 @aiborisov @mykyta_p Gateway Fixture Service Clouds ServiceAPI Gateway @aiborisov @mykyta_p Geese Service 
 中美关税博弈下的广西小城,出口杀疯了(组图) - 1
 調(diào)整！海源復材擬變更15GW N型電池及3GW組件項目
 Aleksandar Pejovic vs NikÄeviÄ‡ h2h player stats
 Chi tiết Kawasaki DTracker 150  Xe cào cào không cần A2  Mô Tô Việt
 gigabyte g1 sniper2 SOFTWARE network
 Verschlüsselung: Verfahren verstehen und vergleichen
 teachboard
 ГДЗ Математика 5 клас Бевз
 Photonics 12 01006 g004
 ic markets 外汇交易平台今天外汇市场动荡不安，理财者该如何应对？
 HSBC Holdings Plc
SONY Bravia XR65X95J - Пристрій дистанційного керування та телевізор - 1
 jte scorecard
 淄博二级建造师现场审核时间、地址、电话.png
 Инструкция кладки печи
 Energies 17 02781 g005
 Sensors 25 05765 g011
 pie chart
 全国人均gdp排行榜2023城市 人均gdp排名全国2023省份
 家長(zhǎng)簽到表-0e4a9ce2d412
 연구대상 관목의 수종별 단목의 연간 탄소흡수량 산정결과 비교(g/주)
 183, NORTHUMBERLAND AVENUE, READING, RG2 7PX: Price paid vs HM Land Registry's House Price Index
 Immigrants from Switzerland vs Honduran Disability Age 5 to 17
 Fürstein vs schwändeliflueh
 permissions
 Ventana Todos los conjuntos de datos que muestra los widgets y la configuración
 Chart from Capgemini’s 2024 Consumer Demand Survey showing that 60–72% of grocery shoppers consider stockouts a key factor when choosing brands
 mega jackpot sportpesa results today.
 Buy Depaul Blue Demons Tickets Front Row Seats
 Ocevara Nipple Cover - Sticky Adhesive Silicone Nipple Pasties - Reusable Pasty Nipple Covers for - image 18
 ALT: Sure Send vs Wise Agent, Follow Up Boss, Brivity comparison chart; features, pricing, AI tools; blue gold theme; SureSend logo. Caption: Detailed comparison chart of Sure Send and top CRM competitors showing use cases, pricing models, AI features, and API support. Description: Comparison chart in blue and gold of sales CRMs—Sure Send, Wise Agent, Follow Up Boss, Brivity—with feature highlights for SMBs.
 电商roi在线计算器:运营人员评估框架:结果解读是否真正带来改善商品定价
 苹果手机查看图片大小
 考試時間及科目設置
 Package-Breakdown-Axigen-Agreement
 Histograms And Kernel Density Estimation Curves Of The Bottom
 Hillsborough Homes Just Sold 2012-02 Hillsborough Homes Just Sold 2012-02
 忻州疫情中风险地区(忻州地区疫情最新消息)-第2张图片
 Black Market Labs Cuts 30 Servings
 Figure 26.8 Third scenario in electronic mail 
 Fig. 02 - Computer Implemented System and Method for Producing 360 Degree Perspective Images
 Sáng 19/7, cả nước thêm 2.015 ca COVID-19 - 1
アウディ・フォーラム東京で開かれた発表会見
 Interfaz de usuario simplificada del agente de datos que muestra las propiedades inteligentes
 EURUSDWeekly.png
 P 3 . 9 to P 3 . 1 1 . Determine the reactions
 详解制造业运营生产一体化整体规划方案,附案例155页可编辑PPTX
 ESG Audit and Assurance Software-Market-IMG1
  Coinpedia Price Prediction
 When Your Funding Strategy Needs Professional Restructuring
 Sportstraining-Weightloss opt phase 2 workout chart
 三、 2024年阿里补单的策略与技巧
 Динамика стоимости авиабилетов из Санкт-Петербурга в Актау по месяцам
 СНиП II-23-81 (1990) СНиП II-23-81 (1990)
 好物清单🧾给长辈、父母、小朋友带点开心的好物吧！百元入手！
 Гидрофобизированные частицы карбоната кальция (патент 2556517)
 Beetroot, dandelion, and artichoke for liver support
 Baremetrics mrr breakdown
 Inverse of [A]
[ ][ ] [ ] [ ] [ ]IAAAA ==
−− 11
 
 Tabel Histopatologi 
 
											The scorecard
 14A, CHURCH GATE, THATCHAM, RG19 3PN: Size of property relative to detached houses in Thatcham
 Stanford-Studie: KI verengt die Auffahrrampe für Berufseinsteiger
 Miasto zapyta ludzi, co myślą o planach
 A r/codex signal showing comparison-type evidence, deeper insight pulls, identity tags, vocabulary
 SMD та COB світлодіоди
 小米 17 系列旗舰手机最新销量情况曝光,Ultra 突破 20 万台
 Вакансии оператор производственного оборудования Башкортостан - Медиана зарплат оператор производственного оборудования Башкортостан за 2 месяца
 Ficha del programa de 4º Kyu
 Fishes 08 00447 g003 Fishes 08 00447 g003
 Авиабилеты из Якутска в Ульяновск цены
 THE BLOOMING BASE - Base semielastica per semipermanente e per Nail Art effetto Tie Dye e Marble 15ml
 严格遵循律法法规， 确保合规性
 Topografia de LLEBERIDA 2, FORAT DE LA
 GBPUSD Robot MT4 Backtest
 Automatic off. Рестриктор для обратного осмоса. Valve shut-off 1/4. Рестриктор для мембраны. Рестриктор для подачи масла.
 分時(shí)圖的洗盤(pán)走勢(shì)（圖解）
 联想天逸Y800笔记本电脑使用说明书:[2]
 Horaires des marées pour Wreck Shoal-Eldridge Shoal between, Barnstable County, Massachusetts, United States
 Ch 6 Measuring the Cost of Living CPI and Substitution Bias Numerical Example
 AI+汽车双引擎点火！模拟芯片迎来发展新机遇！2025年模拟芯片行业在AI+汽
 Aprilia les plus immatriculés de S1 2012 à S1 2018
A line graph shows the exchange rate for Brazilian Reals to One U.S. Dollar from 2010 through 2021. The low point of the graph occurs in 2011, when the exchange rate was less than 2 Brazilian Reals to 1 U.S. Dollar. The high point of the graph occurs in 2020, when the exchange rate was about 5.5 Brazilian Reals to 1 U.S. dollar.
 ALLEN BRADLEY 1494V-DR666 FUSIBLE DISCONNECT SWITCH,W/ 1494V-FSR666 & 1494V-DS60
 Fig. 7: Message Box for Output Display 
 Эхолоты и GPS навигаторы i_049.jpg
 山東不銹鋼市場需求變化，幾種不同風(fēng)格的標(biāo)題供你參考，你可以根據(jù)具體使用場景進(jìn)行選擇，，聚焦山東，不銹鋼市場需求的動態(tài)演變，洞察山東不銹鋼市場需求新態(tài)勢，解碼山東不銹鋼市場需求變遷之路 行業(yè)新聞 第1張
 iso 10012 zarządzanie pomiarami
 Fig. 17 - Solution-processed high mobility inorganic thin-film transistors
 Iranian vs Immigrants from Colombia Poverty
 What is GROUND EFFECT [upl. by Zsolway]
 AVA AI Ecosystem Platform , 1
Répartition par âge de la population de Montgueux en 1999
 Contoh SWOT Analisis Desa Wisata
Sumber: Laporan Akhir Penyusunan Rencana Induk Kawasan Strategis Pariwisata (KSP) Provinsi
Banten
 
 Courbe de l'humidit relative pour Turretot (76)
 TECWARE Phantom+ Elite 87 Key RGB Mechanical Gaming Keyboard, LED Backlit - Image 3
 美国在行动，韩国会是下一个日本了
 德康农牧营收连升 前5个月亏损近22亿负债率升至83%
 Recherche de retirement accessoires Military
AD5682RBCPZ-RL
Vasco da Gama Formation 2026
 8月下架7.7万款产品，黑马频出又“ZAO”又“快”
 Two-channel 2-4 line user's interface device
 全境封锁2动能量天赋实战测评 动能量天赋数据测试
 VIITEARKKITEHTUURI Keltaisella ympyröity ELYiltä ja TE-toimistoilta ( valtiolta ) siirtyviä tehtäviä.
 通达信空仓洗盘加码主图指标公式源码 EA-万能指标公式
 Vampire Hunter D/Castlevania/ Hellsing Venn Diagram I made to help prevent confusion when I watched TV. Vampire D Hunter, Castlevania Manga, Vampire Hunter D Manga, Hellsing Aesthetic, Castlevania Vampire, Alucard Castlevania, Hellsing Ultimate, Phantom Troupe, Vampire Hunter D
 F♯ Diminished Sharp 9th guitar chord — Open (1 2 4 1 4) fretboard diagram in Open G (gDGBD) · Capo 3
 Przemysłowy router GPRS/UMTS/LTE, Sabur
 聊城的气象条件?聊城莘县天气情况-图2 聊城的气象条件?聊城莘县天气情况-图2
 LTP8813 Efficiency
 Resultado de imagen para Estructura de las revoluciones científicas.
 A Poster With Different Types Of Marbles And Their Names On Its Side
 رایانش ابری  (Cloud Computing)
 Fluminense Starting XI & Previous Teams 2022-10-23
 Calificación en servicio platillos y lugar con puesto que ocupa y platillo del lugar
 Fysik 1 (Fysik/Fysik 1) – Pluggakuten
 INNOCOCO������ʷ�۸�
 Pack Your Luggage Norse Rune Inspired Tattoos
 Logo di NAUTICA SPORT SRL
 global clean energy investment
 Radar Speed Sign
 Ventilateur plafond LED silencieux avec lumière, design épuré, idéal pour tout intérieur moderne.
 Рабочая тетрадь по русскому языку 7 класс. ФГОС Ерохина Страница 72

- TASK
Repeat exactly the lines of the listing above, from the one with "美国在行动，韩国会是下一个日本了" down to the one with "Resultado de imagen"; both of those lines belong in the range.

- SOLUTION FOR THIS PROBLEM
 美国在行动，韩国会是下一个日本了
 德康农牧营收连升 前5个月亏损近22亿负债率升至83%
 Recherche de retirement accessoires Military
AD5682RBCPZ-RL
Vasco da Gama Formation 2026
 8月下架7.7万款产品，黑马频出又“ZAO”又“快”
 Two-channel 2-4 line user's interface device
 全境封锁2动能量天赋实战测评 动能量天赋数据测试
 VIITEARKKITEHTUURI Keltaisella ympyröity ELYiltä ja TE-toimistoilta ( valtiolta ) siirtyviä tehtäviä.
 通达信空仓洗盘加码主图指标公式源码 EA-万能指标公式
 Vampire Hunter D/Castlevania/ Hellsing Venn Diagram I made to help prevent confusion when I watched TV. Vampire D Hunter, Castlevania Manga, Vampire Hunter D Manga, Hellsing Aesthetic, Castlevania Vampire, Alucard Castlevania, Hellsing Ultimate, Phantom Troupe, Vampire Hunter D
 F♯ Diminished Sharp 9th guitar chord — Open (1 2 4 1 4) fretboard diagram in Open G (gDGBD) · Capo 3
 Przemysłowy router GPRS/UMTS/LTE, Sabur
 聊城的气象条件?聊城莘县天气情况-图2 聊城的气象条件?聊城莘县天气情况-图2
 LTP8813 Efficiency
 Resultado de imagen para Estructura de las revoluciones científicas.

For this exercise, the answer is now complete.